Milk is something we do have here, and something we always have in the house.  But I realized the other day, after an especially cringe inducing grocery store checkout, that dairy products make up a good percentage of what we spend on food.  Milk is $3.77 a half gallon.  More than double what it is in Maine right now.  A bag of the cheapest shredded cheese around is $6.  And we're talking no name brand here.



no name is great though.  Simple yellow packaging that tells it like it is with a price tag to match.  The American Cheese we buy for Finlay is just billed as "processed cheese product."  Apparently, canadians just call it sliced cheese -- our friends had never heard of anything called American cheese.   Odd that we would have to call it that in the states.   But as I was saying.  Dairy is easily our single biggest expense.  Followed by vegetables, and, pretty much, everything else. 

Apart from grocery trips and quips, life goes on.  I've been finding a little more work, and you can all look forward to my work as a photographer for cstore life -- the trade magazine of convenience stores in Canada.

I should also mention that I now have another blog, slightly more impersonal, and attached to my own personal website.  Feel free to look at that if you want something other than news about life in Canada.

October 20, 2009

My dog is pretty adorable

The day after I got to Newfoundland, we got Finlay. He's a rescue beagle, from a shelter called Beagle Paws, which takes in beagles from all over, and sets them up with nice people. Beagles have a long history in Newfoundland as hunting dogs more than anything else. They also face a good amount of prejudice. Folks will keep them underfed and penned up outside -- the better to chase bunny rabbits and the like.



We don't know much about Finlay. He's a year and a half or so, and scared of doors, canoe paddles, and sudden movement. His name means "fair haired warrior," or alternately, "the brave one." Because he's so skittish, we've been pretty slow with the training (his being a beagle certainly doesn't help matters in that quarter) but things are coming along slowly. He doesn't pull quite so much anymore, and he's getting pretty good at sitting down. This is a new development, one he's pretty proud of. When we go out for walks these days, he'll look back at me, expectantly, as if saying "now is there something you'd like me to do?"

Since I've been "working" from home, we spend most of our time together -- me typing, him curled up on the floor.
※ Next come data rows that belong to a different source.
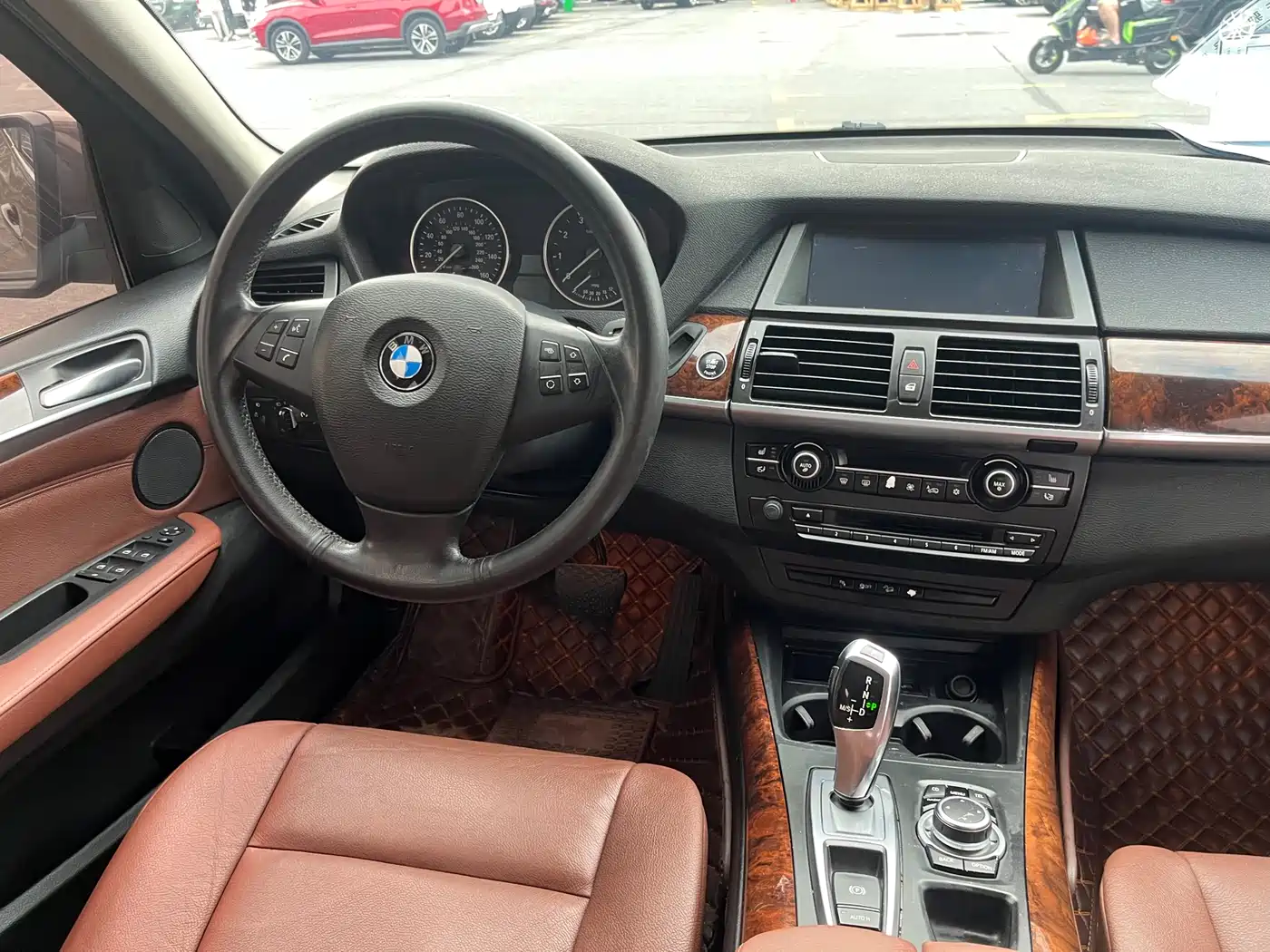 BMW X5 (Import) 2011 xDrive35i Leading Edition фото 13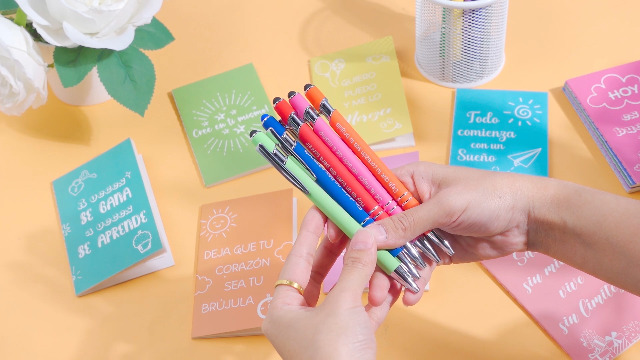 Llaveros Motivación Kit Regalo Motivacional - 20 Bolígrafos, Llaveros Y Tarjetas Con Mensajes Inspiradores Regalos Corporativos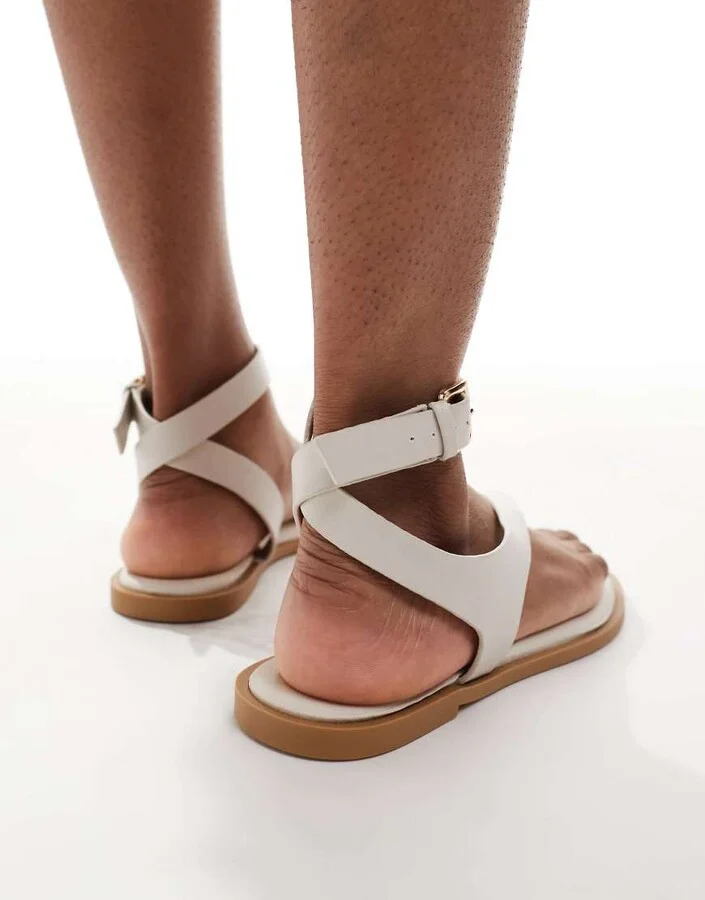 ASOS DESIGN Florrie toe loop strappy sandals in off white - Image 4
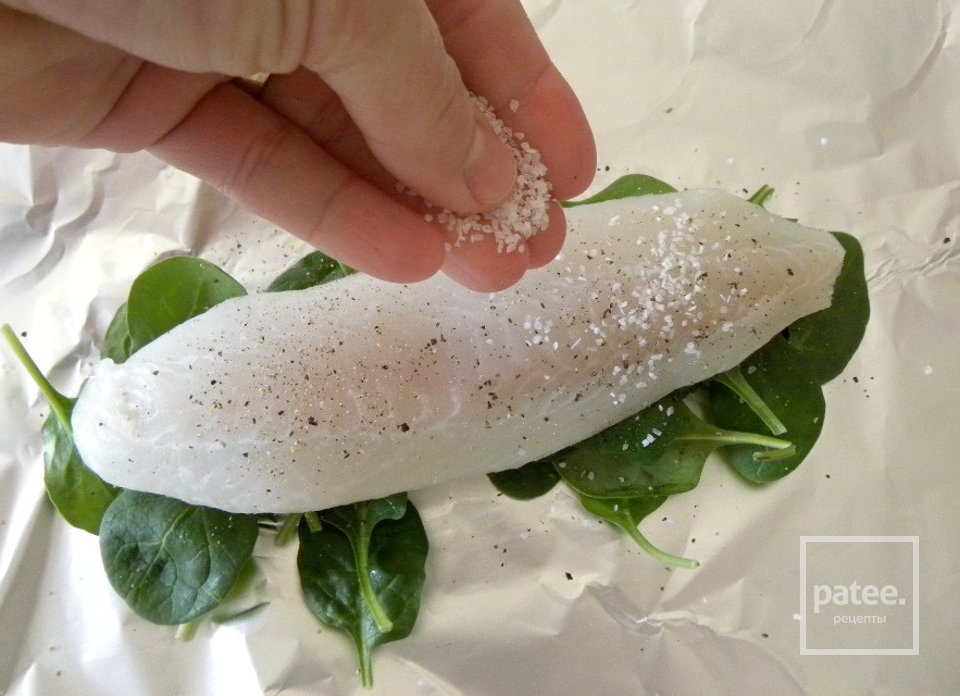 Запеченная рыба с томатом и сыром фета - Шаг 2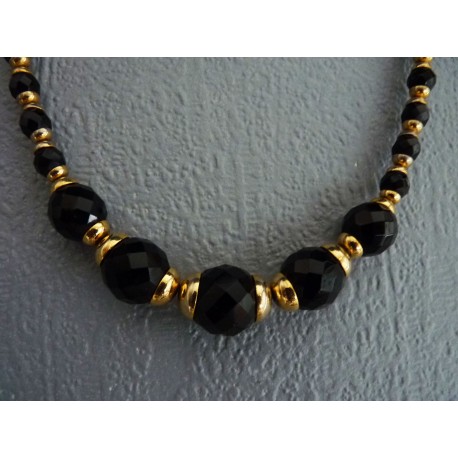 Collier ras de cou en perles facettées noires et dorées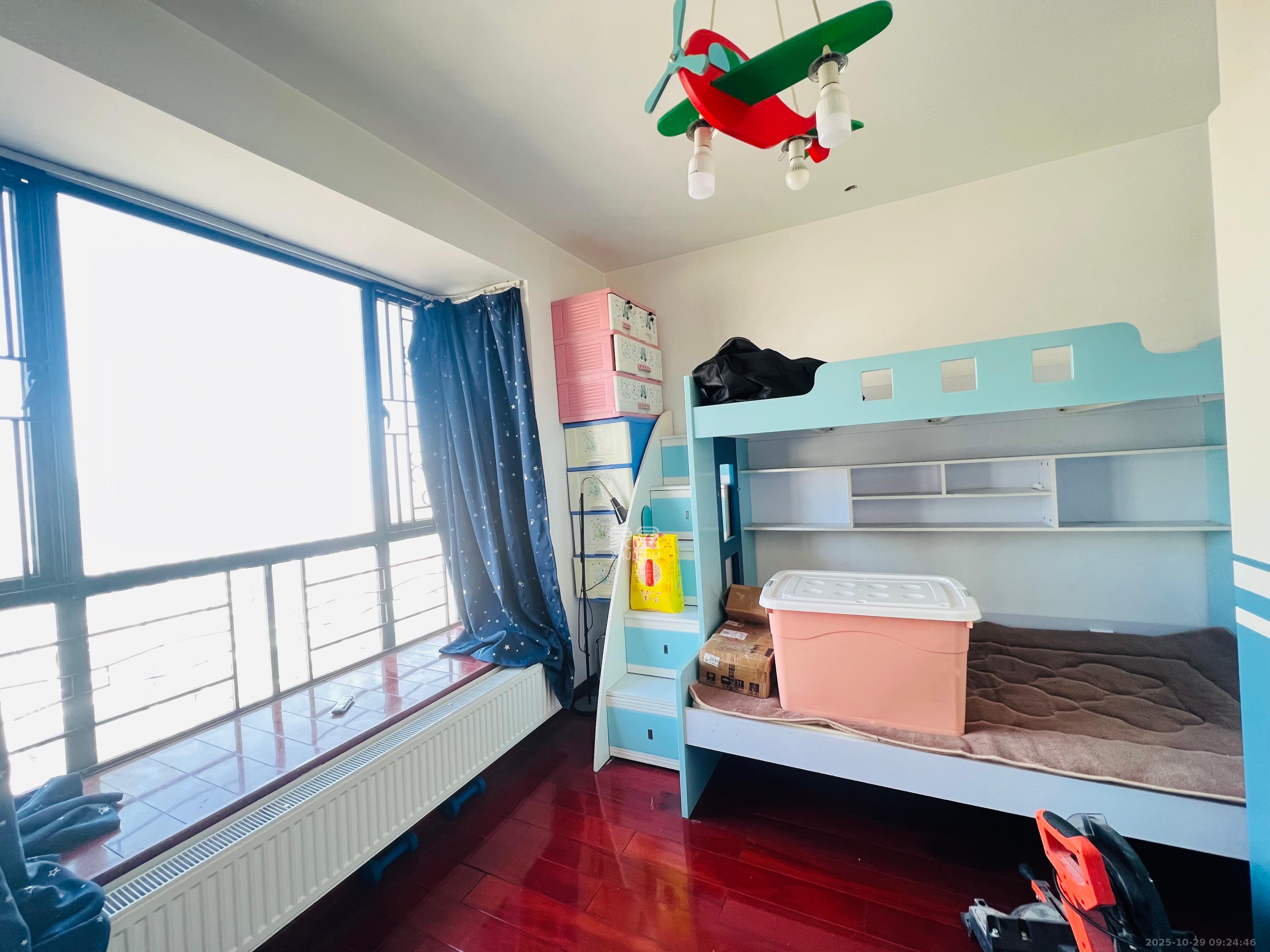 西子花苑 3室2厅2卫 3000.0元/月 西子花苑 3室2厅2卫 3000.0元/月室内图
Every hour or so we take a trip downstairs for some fresh tea and a treat.

Our house is right on a river-side walking path (the subject of another post, one of these days) so we get to spend a lot of time walking down by the river. Finlay looks at the ducks, and I wish that the air temperature were above 40, and that the river wasn't full of old concrete blocks.
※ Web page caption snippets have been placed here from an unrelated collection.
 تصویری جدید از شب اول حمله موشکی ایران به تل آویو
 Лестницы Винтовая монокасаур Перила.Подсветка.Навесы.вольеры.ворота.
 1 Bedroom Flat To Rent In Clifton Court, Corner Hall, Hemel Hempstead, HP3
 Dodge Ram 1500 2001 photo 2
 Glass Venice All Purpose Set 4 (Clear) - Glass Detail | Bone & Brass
We were fostering Finlay for the first six weeks I was here, but on Saturday, after a morning trip to wal-mart and an afternoon playing bananagrams with some grad school folks who also happen to be fostering some beagles (yes, it was a puppy play date) we went back to beagle paws and signed some papers and gave them a check. Finlay is now Our Problem. Hopefully by next summer he will be brave enough to go canoeing happily, and trained enough to spend a little time off his lead. Until then, we're rarely separated by more than 6 feet, and I'm alright with that.

October 08, 2009

Bulk Barn Is Truly Amazing

I lied when I said they didn’t have dried black beans in Newfoundland. I just didn’t know where to look. Since I last wrote, we have made the most marvelous discovery. It’s called Bulk Barn. I first went in looking for canned soup. I figured the store would have pallets of cans and things that nobody wanted, like Caswell's in Waterville. I was so wrong. The only thing they didn’t have was soup. Everything else, they had, including specialty cake pans (if you wanted a cake shaped like Aladdin’s palace, say) for rent $1.99 per rental, no late fees.
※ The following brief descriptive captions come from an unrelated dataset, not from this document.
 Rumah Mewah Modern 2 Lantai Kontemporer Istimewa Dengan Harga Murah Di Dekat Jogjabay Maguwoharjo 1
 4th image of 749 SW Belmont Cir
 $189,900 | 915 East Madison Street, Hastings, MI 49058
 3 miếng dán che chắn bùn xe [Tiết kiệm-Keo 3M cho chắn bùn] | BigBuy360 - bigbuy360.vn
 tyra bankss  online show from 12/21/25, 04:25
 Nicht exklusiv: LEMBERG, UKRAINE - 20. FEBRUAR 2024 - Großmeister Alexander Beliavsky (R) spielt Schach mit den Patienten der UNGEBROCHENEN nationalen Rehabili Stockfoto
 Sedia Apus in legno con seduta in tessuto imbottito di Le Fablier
This is how it works. Bulk Barn buys everything it can in bulk, then it dumps the product into bins and sells everything by weight. This is like, penny candy on steroids. There’s Candy, dried fruit, nuts, seeds, crackers, chips, pasta, rices, flour (oh what flour), spices, cookies, dog food, cat food, bird seed, honey, peanut butter, and so much more. Including dried beans. We’re not talking like a bin of white flour here, we’re talking maybe 25 kinds of flour: unbleached all purpose, unbleached hard bread, unbleached soft bread, wheat, whole grain, gluten and so on. Including an entire section of gluten free flours (not that I need them, but still) with everything from rice flour to soy flour to coconut flour.

And that kind of variety for EVERYTHING. It’s amazing. Emily and I went back after my initial discovery, and after gleefully pointing out everything delicious, got down to some serious shopping. We spent $86 dollars there (using her 10% Wednesday student discount) and came home ready for a food shortage on the island.




Thank you Canada!

September 29, 2009

Posting from as far east as you can get

The Last ten months in four sentences. I worked for Maine Hut's and Trail's, cooking, cleaning, and doing lots of reading. Then I became a Registered Maine Raft Guide and worked in The Forks all summer. I'm working on starting a tea company with my folks. Now I'm in St. John's, Newfoundland, living with Emily.

So about that. It's nice up here. St. John's is about the size of Portland (Maine), with an old old downtown and a helluva lot of new development. Irving is from here, and there's actually a housing shortage. We're lucky to have this house. We're fostering a rescued beagle named Finlay. Emily is going to Grad school at Memorial University (If I don't find a job, I might apply to go there next year).

Right now I spend most of my time at home, hanging out with the dog, looking for a job. Working on the packaging for the Tea Company. I'm going to try to write about life up here on the edge of North America, when something interesting happens, or maybe just every couple weeks or so.

Life here in Newfoundland (emphasis on the last syllable) is not really that different, but there are a few things that stand out after a couple weeks here. Some things, are however, inexplicably different. There are no dried black beans. There are no gallons of milk (just 2 liter cartons. But perhaps oddest of all, there's no such thing as a visa debit card.

I was out last week, and needed some cash. No problem, right? I went to the drug store, bought a candy bar, handed my debit card to the lady behind the cash register. I'd like $40 back I said. She ignored me, rang up the Three Musketeers bar (at $1.40 hardly an inexpensive purchase), and handed me a receipt to sign. No, I said, I wanted cash back... Oh, well, see, it's a visa, see, and we don't do cash back on those. Alright, I said, where's the nearest ATM? Just up the street bout a minute.

I ate my candy bar on the way. The ATM didn't like my primary debit card, nor did it like my backup. I went to the woman in charge of the store. The ATM won't give me money, I told her. She came over, and watched me try again. Ah -- well there's your problem, she told me after I'd indicated that I wanted to withdraw from checking. You're trying to take it out of checking, and it's a visa. Right, I said, a visa debit card, see it says right here. No no, she told me solemnly, we don't have Visa debit cards here.